(Scraped caption text data)

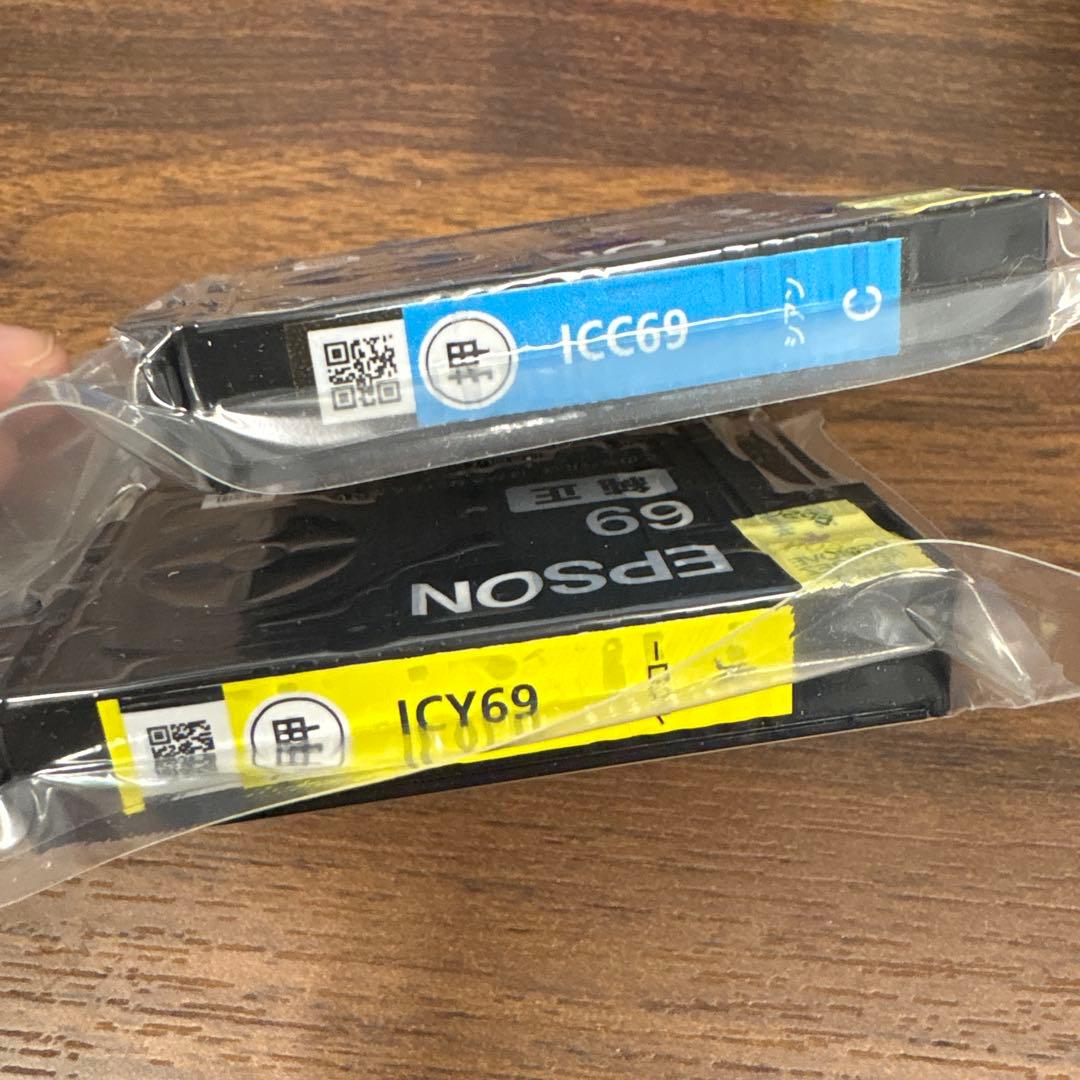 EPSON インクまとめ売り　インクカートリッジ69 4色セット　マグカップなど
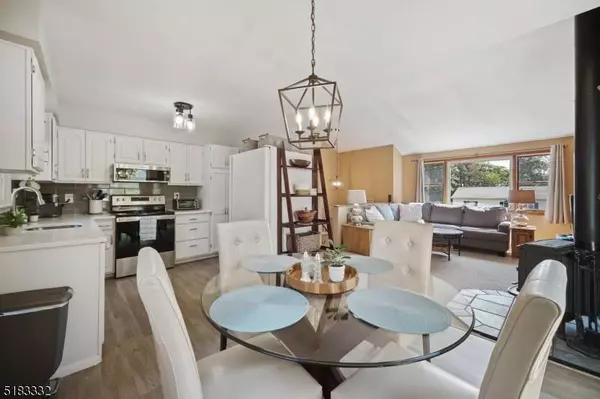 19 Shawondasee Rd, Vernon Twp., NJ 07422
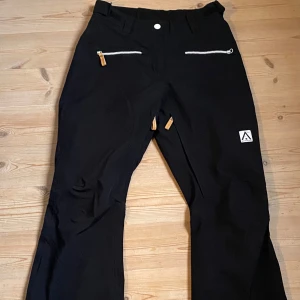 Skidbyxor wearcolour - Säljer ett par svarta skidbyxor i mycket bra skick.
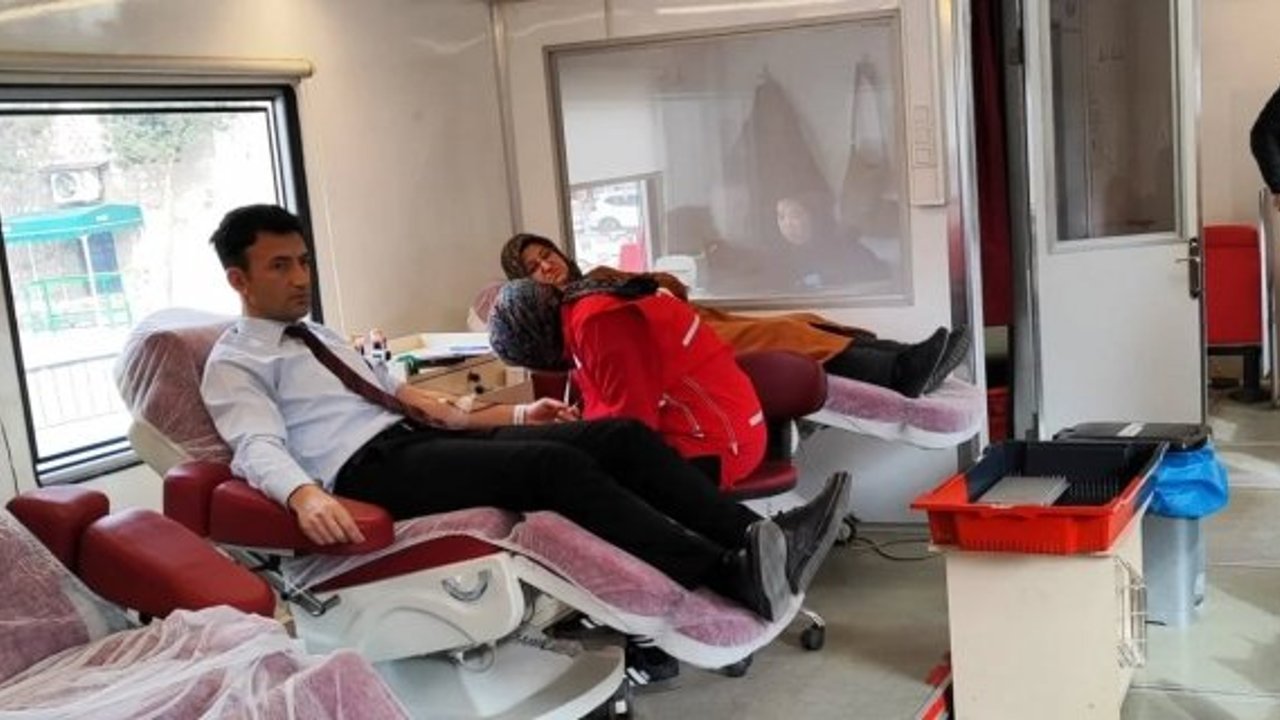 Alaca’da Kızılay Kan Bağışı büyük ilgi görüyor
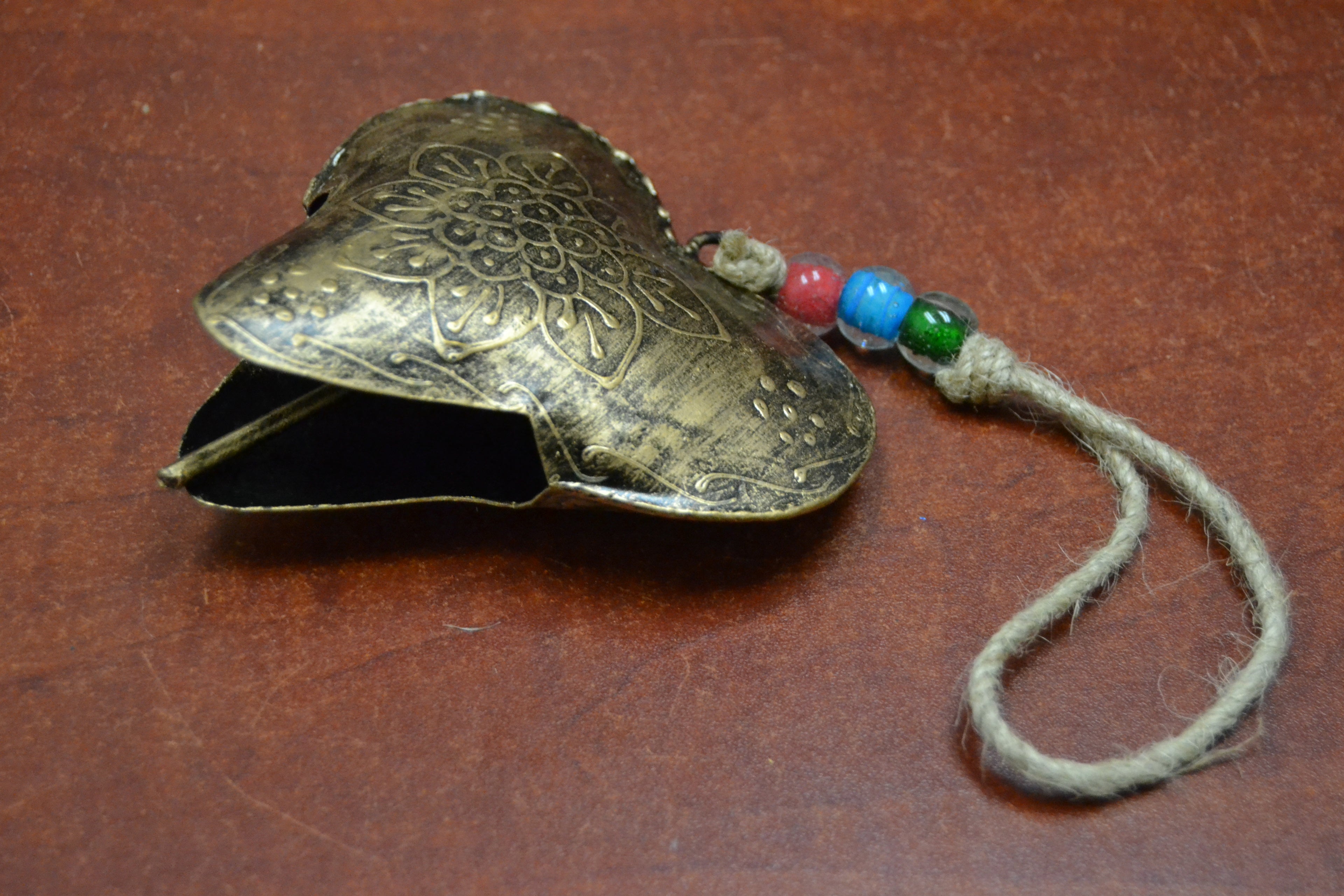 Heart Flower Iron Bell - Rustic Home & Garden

(WORK REQUEST)
Output every entry verbatim. Pictures do not belong in the copy.

(RESULT FOR THIS TASK)
 EPSON インクまとめ売り　インクカートリッジ69 4色セット　マグカップなど
 19 Shawondasee Rd, Vernon Twp., NJ 07422
 Skidbyxor wearcolour - Säljer ett par svarta skidbyxor i mycket bra skick.
 Alaca’da Kızılay Kan Bağışı büyük ilgi görüyor
 Heart Flower Iron Bell - Rustic Home & Garden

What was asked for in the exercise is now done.